--- The data ---
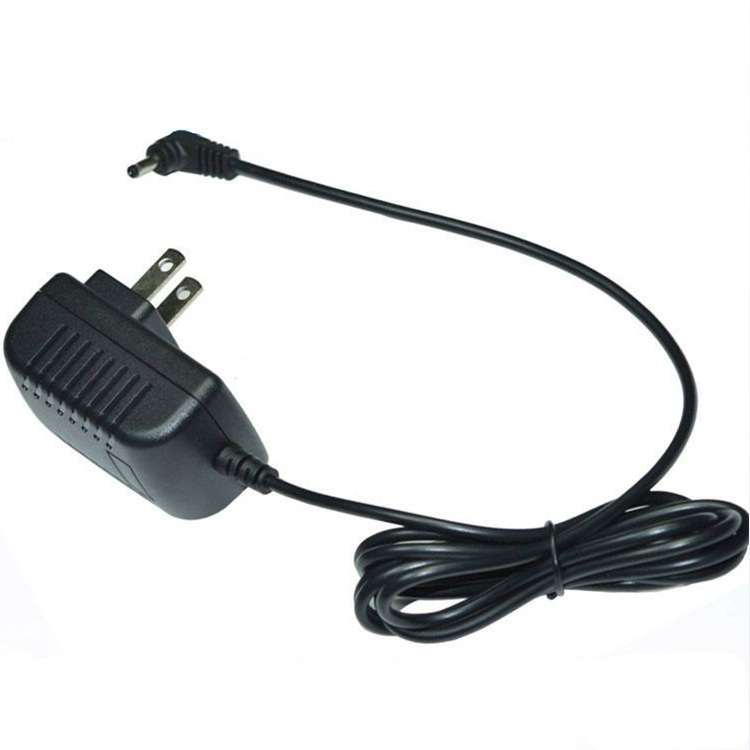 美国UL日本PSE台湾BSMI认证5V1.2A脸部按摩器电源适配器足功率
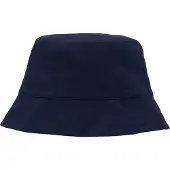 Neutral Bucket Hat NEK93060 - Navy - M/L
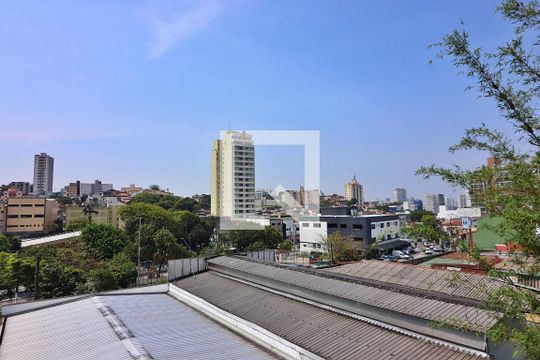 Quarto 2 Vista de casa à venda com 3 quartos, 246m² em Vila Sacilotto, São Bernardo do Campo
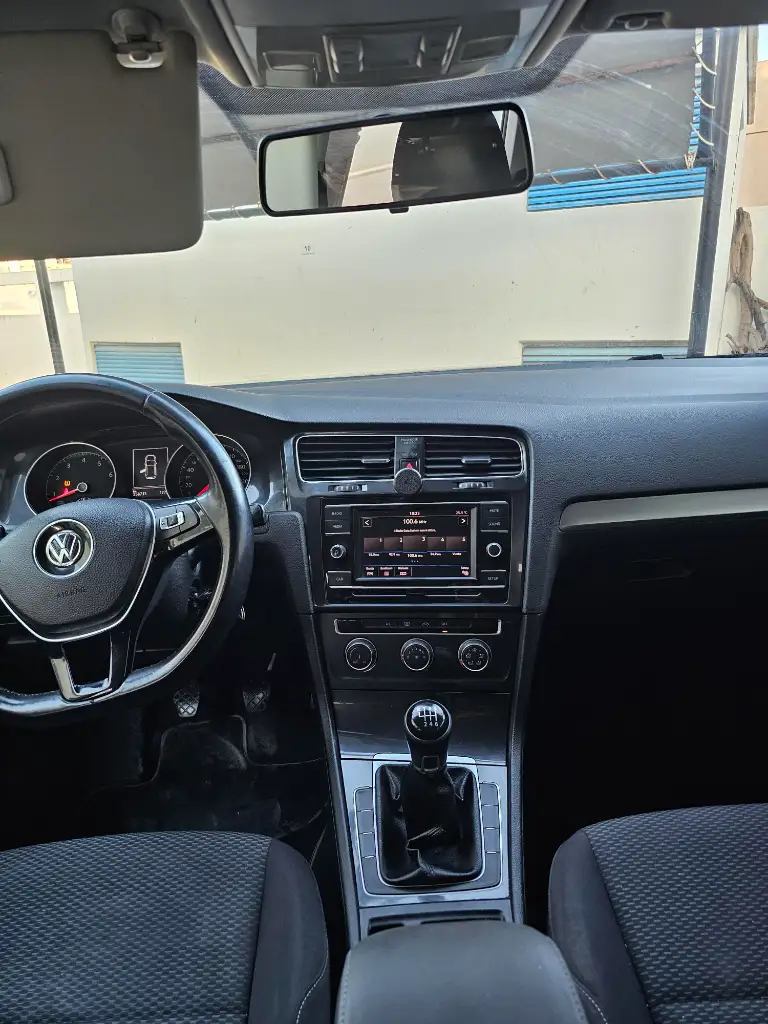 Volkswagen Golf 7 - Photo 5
---
Your objective
If pictures appear in the data, do not print them; repeat the rest exactly.

Response below
 美国UL日本PSE台湾BSMI认证5V1.2A脸部按摩器电源适配器足功率
 Neutral Bucket Hat NEK93060 - Navy - M/L
 Quarto 2 Vista de casa à venda com 3 quartos, 246m² em Vila Sacilotto, São Bernardo do Campo
 Volkswagen Golf 7 - Photo 5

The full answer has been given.